## WORK REQUIRED
Please reproduce the lines from the one containing "7 WhatsApp Image" through the end of the data below exactly as they stand, and omit all pictures.

*** SOURCE INFORMATION ***

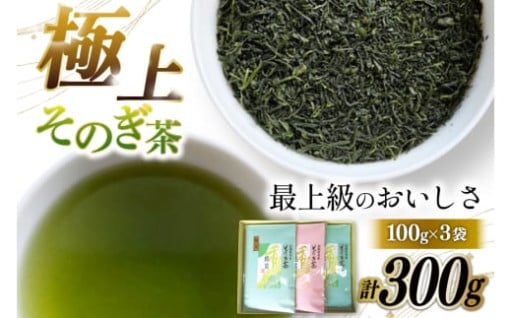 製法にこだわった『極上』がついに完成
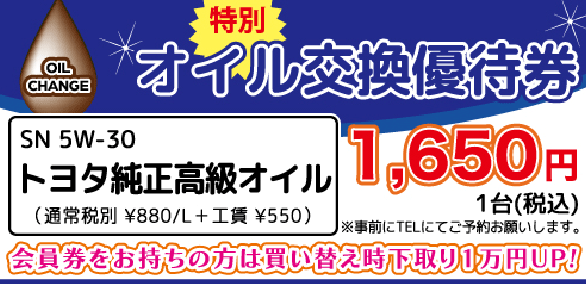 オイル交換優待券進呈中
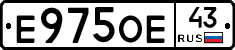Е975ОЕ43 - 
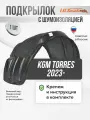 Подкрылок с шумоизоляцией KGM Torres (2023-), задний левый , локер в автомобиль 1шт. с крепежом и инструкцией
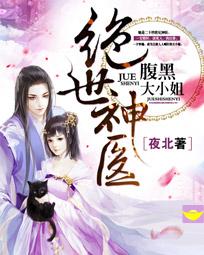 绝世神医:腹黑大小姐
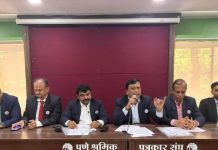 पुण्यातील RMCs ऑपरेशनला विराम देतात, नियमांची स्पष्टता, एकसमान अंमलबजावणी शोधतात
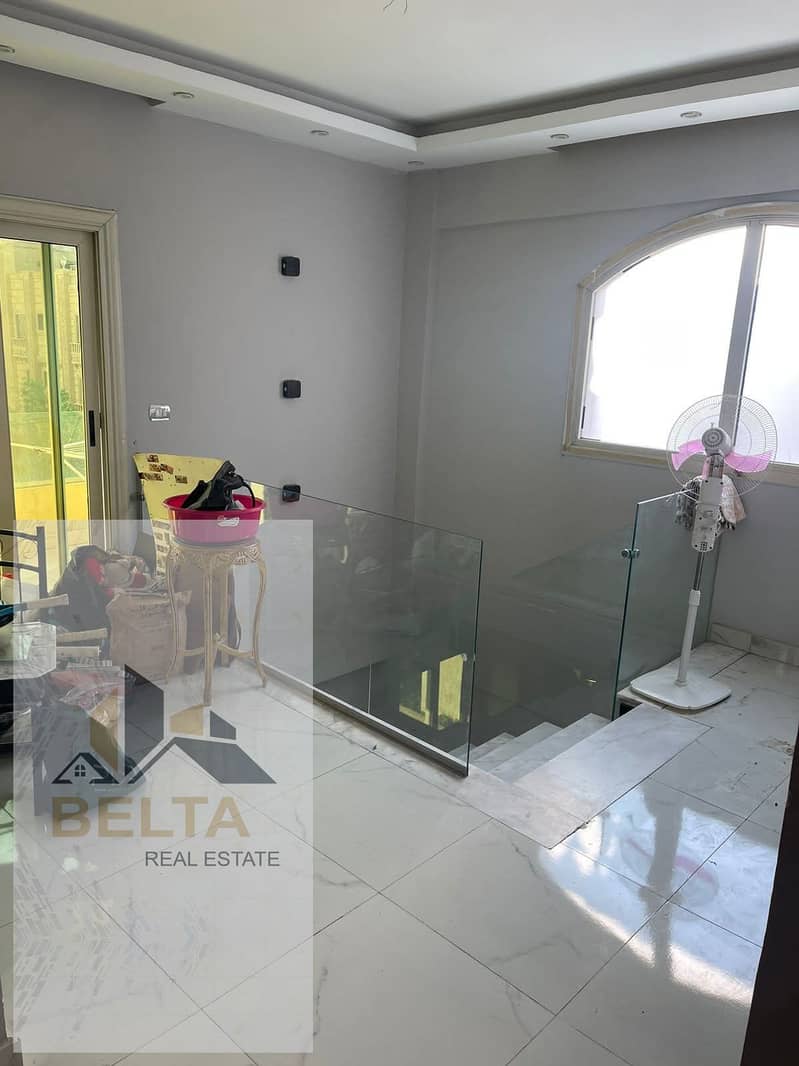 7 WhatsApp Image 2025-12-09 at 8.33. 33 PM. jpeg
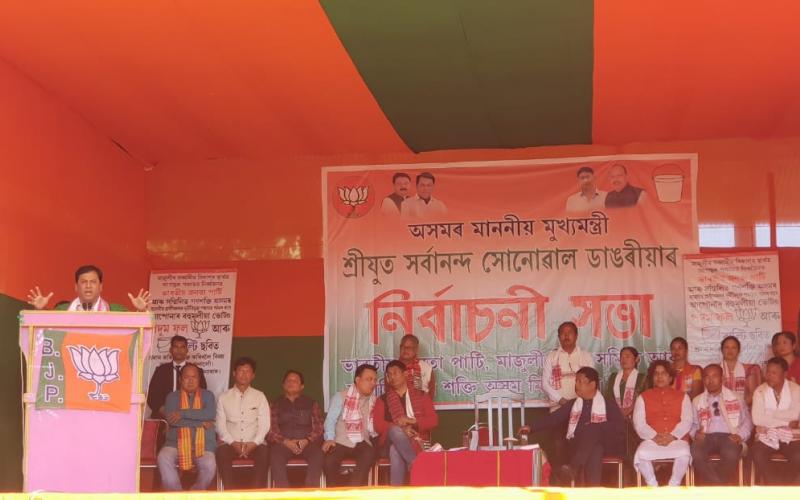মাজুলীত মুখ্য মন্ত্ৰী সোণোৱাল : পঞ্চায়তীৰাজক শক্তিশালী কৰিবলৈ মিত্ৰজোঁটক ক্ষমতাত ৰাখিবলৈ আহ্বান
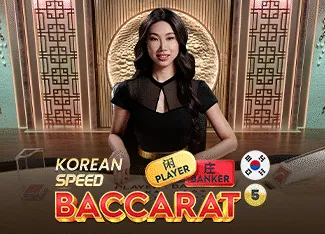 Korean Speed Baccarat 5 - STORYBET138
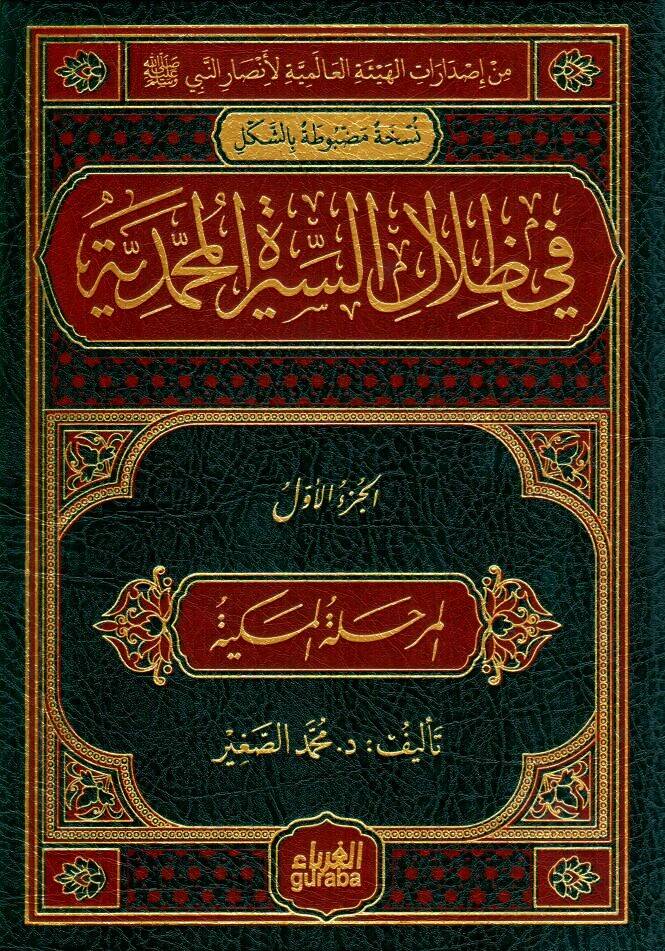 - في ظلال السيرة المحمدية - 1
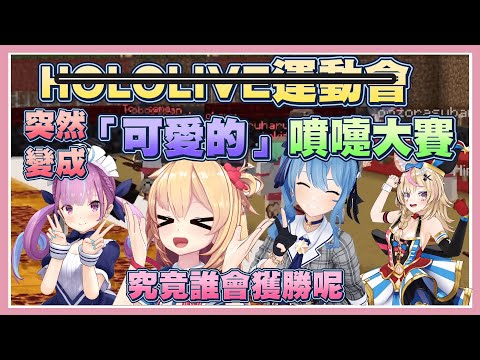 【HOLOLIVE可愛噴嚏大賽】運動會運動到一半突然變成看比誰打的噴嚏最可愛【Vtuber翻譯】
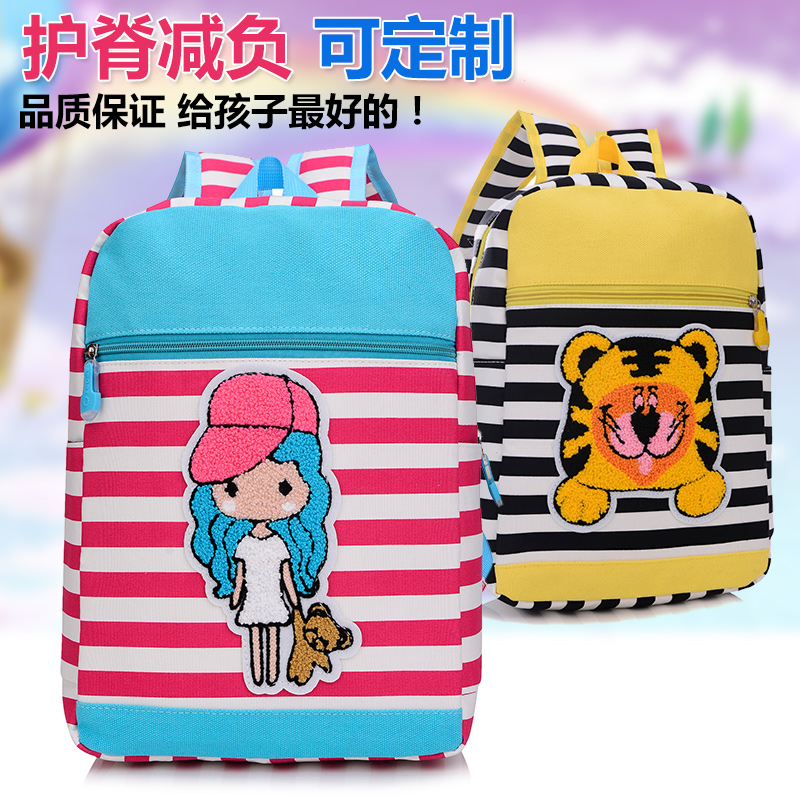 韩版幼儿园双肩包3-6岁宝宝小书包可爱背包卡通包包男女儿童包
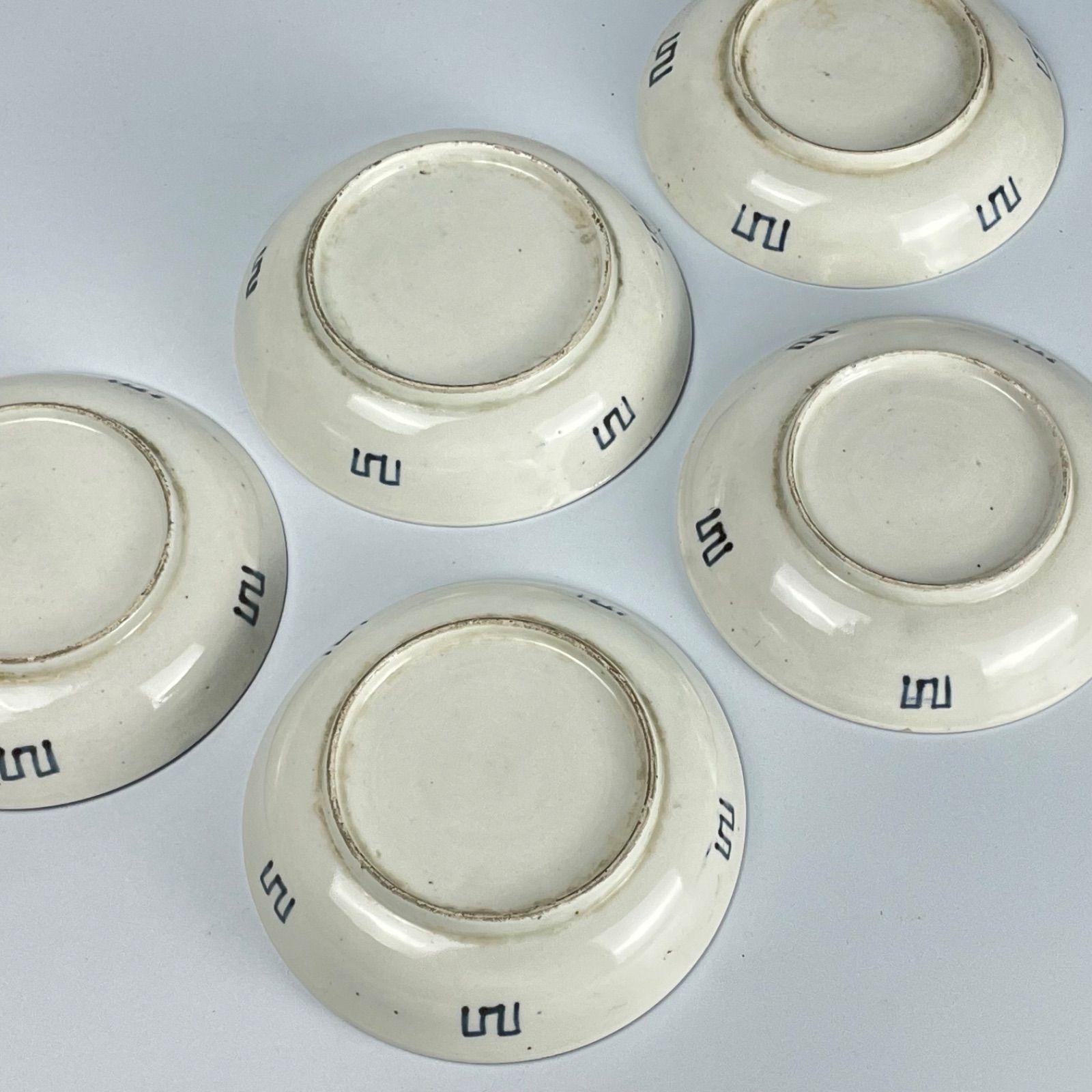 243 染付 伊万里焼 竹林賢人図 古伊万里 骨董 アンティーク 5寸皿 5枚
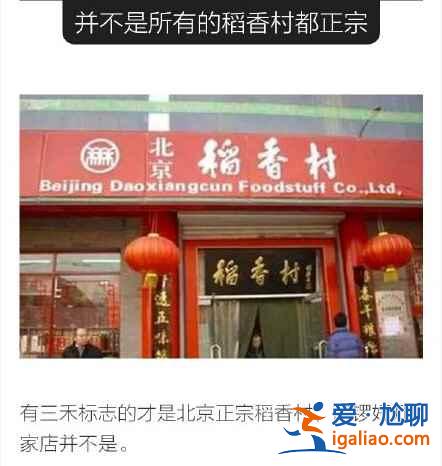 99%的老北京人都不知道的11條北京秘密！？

*** End of SOURCE INFORMATION ***

## ANSWER FOR THE TASK
 7 WhatsApp Image 2025-12-09 at 8.33. 33 PM. jpeg
মাজুলীত মুখ্য মন্ত্ৰী সোণোৱাল : পঞ্চায়তীৰাজক শক্তিশালী কৰিবলৈ মিত্ৰজোঁটক ক্ষমতাত ৰাখিবলৈ আহ্বান
 Korean Speed Baccarat 5 - STORYBET138
 - في ظلال السيرة المحمدية - 1
 【HOLOLIVE可愛噴嚏大賽】運動會運動到一半突然變成看比誰打的噴嚏最可愛【Vtuber翻譯】
 韩版幼儿园双肩包3-6岁宝宝小书包可爱背包卡通包包男女儿童包
 243 染付 伊万里焼 竹林賢人図 古伊万里 骨董 アンティーク 5寸皿 5枚
 99%的老北京人都不知道的11條北京秘密！？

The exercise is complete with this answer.